You are viewing a plain text version of this content. The canonical link for it is here.
Posted to dev@activemq.apache.org by qihongxu <gi...@git.apache.org> on 2018/12/26 07:00:51 UTC

[GitHub] activemq-artemis pull request #2482: ARTEMIS-2214 Cache durable&priority in ...

GitHub user qihongxu opened a pull request:

    https://github.com/apache/activemq-artemis/pull/2482

    ARTEMIS-2214 Cache durable&priority in PagedReference

    We recently performed a test on artemis broker and found a severe performance issue.
    
    When paged messages are being consumed, decrementMetrics in QueuePendingMessageMetrics will try to ‘getMessage’ to check whether they are durable or not. In this way queue will be locked for a long time because page may be GCed and need to be reload entirely. Other operations rely on queue will be blocked at this time, which cause a significant TPS drop. Detailed stacks are attached below.
    
    This also happens when consumer is closed and messages are pushed back to the queue, artemis will check priority on return if these messages are paged.
    
    To solve the issue, durable and priority need to be cached in PagedReference just like messageID, transactionID and so on. I have applied a patch to fix the issue. Any review is appreciated.

You can merge this pull request into a Git repository by running:

    $ git pull https://github.com/qihongxu/activemq-artemis modify_pagedReference

Alternatively you can review and apply these changes as the patch at:

    https://github.com/apache/activemq-artemis/pull/2482.patch

To close this pull request, make a commit to your master/trunk branch
with (at least) the following in the commit message:

    This closes #2482
    
----
commit a49ad880c2372afdb88bd805fb6e20fdae1de784
Author: Qihong Xu <qi...@...>
Date:   2018-12-26T03:11:10Z

    ARTEMIS-2214 Cache durable&priority in PagedReference

----


---

[GitHub] activemq-artemis pull request #2482: ARTEMIS-2214 Cache durable&priority in ...
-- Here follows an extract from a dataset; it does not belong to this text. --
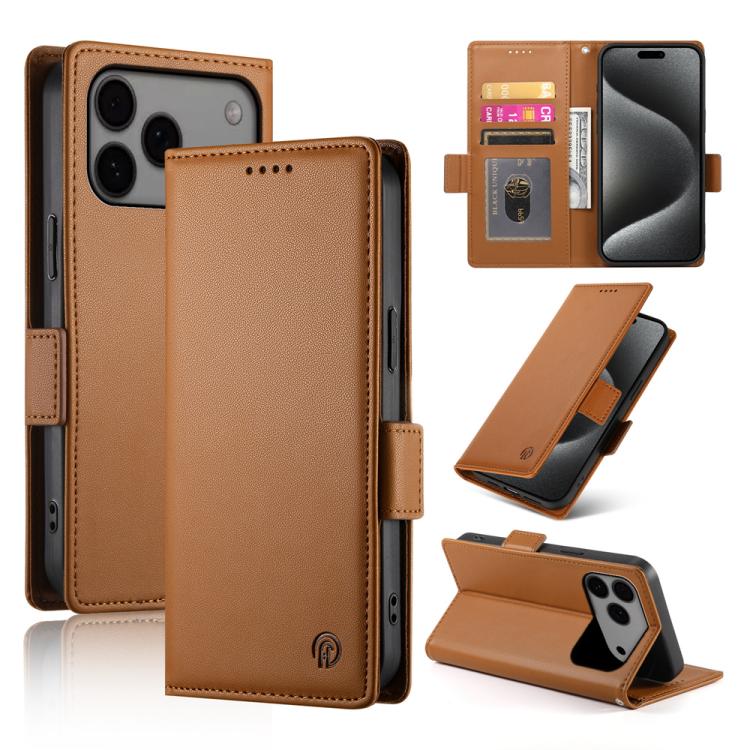 Side Buckle Magnetic Frosted Leather Phone Case, For iPhone 17e / 16e, For iPhone 17 Pro Max, For iPhone 17 Pro, For iPhone 17, For iPhone Air, For iPhone 16 Pro Max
Posted by michaelandrepearce <gi...@git.apache.org>.
Github user michaelandrepearce commented on a diff in the pull request:

    https://github.com/apache/activemq-artemis/pull/2482#discussion_r244150155
  
    --- Diff: artemis-server/src/main/java/org/apache/activemq/artemis/core/paging/cursor/PagedReferenceImpl.java ---
    @@ -363,4 +371,20 @@ public long getPersistentSize() {
           return messageSize;
        }
     
    +   @Override
    +   public byte getPriority() {
    +      if (priority == -1) {
    +         priority = getMessage().getPriority();
    +      }
    +      return priority;
    +   }
    +
    +   @Override
    +   public boolean isDurable() {
    +      if (messageID < 0) {
    --- End diff --
    
    should use durable field or additional flag to see if its been cached, messageID maybe cached already but not durable.


---

[GitHub] activemq-artemis issue #2482: ARTEMIS-2214 Cache durable&priority in PagedRe...
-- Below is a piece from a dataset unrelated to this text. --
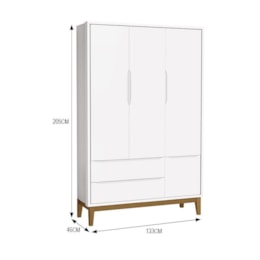 Dormitório Infantil Classic 3 Portas, Cômoda, Berço Branco Fosco com Pés Amadeirado e Colchão D18 - Reller Móveis Dormitório Infantil Classic 3 Portas, Cômoda, Berço Branco Fosco com Pés Amadeirado e Colchão D18 - Reller Móveis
Posted by franz1981 <gi...@git.apache.org>.
Github user franz1981 commented on the issue:

    https://github.com/apache/activemq-artemis/pull/2482
  
    Nice catch!!!
    If you care about checking perf of paging please try to profile the broker with https://github.com/jvm-profiling-tools/async-profiler using lock/cpu events too: it will allows to get profile data without affecting performance, helping to find issues like this one :+1


---

[GitHub] activemq-artemis issue #2482: ARTEMIS-2214 Cache durable&priority in PagedRe...

Posted by qihongxu <gi...@git.apache.org>.
Github user qihongxu commented on the issue:

    https://github.com/apache/activemq-artemis/pull/2482
  
    > Im very cautious of optimising for one case
    > Its very unusual for consumers to go away as it is good design in most mom a consumer is long lived. Like wise upgrade is a non normal event.
    > 
    > So without priority removed im -1 this. As i stated in an ideal world everything in paging would be off heap, we shouldnt just end up with every value in page ref, else we lose the reason for paging originals intent which is to remove the message from heap at penalty that it will be slower. If you want faster add more ram so more can be kept on heap.
    
    Not adding priority is acceptable since it's rare. I will later remove the priority part.
    And how about deliveryTime? It's already in PageRef and might need to be set in the constructor.


---

[GitHub] activemq-artemis issue #2482: ARTEMIS-2214 Cache durable&deliveryTime in Pag...

Posted by michaelandrepearce <gi...@git.apache.org>.
Github user michaelandrepearce commented on the issue:

    https://github.com/apache/activemq-artemis/pull/2482
  
    @franz1981 im away in another country without my main computer with my apache git ssh cert key. Could you merge this?


---

[GitHub] activemq-artemis issue #2482: ARTEMIS-2214 Cache durable&priority in PagedRe...

Posted by michaelandrepearce <gi...@git.apache.org>.
Github user michaelandrepearce commented on the issue:

    https://github.com/apache/activemq-artemis/pull/2482
  
    @qihongxu nudge


---

[GitHub] activemq-artemis pull request #2482: ARTEMIS-2214 Cache durable&priority in ...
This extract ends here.